Seperti halnya wayang kulit, wayang suket adalah gambaran demokrasi dan otokrasi. Setiap ada jejeran wayang, selalu ada sembah, terlihat setia dan berbakti. Wayang kulit Jawa adalah gambaran budi pekerti manusia, yang hal tersebut juga tampak pada wayang suket khas Purbalingga. Bahkan, di dalam wayang suket Purbalingga terlihat selain sebagai hiasan, sekaligus sebagai wujud estetis watak dan jati diri orang Jawa. Hal ini sejalan dengan gagasan Humardani (Soetarno, 2004:79) bahwa wayang memiliki nilai rasa (hayatan), watak (temperamen), dan isi atau karep (kehendak). Watak tokoh wayang itulah yang akan melukiskan secara mendalam budi pekerti seseorang. Atas hal tersebut, wayang suket Purbalingga ini layak dijadikan sumber bahan ajar di sekolah sebagai mata pelajaran yang bermuatan pendidikan karakter berbasis kearifan lokal.
Wayang suket memiliki sebuah relasi atau hubungan antara media berkarya yang berupa suket dan ide seniman. hal ini tersirat dalam hubungan antara rumput dan filosofinya . Penggunaan rumput memiliki filosofi bahwa manusia harus saling membutuhkan dan tumbuh bersama dengan alam. Badriyanto ingin menyampaikan pesan bahwa kehidupan yang terepresentasikan oleh tokoh wayang pada dasarnya sama seperti tumbuhan (suket) yang akan menjadi tidak berguna apabila tidak berada di tangan yang tepat, dalam hal ini kaitannya adalah manusia akan menjadi tidak berguna apabila tidak berada dalam lingkungan yang sesuai dengan potensi yang dimilikinya.

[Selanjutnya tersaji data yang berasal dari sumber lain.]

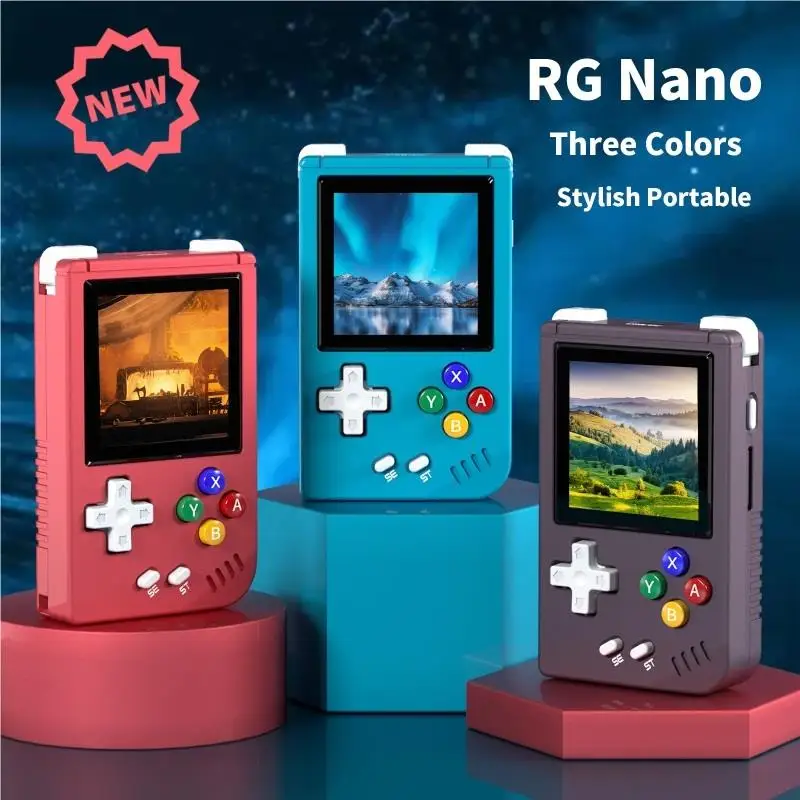 

ANBERNIC RG NANO Pocket Mini Handheld Game Players Metal Shell 1.54" IPS Screen Linux 1050mAh Battery Handheld Game Players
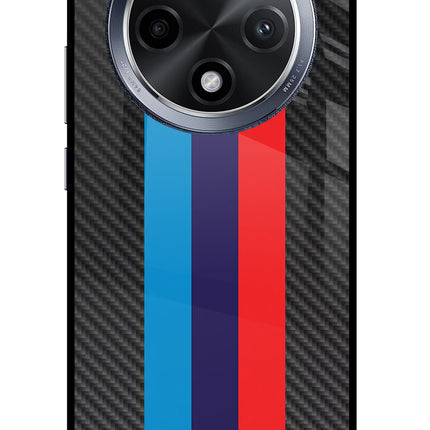 BMW Stripes Pattern Oppo F27 Pro Glass Case Back Cover by Casekaro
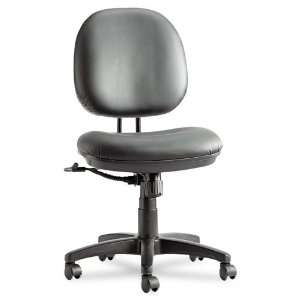 Black Leather   Sold As 1 Each   Designed to fit in tight workspaces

Selain itu, wayang suket dapat dikaitkan dengan manusia yang dituntut mampu menyesuaikan dan beradaptasi dengan keadaan dalam kondisi apapun dan selalu bereksplorasi untuk menjalani kehidupan. Dunia wayang lahir dari fenomena religio-magis yang dibangun oleh spirit budaya masyarakat Jawa dari zaman ke zaman.
Namun
sayangnya Bahkan di Purbalingga sendiripun wayang suket ini mulai langka
dikarenakan beberapa faktor diantaranya hanya tinggal satu pengrajin wayang suket, tingkat kedetailan yang dilakukan oleh pengrajin harus tinggi dan rumit serta bahan baku rumput kasuran yang susah dicari dan yang paling urgent adalah tingkat minat belajar sejarah dan budaya kita semakin rendah. Hal ini
sejalan dengan pendapat Soemarno (1996:50-61) yang mengatakan, salah satu sebab
punahnya wayang-wayang di Indonesia juga dikarenakan oleh cerita dan kurangnya
minat masyarakat terhadap wayang tradisi, baik pelestarian seniman maupun
penelititan-penelitian yang terkait dengan wayang.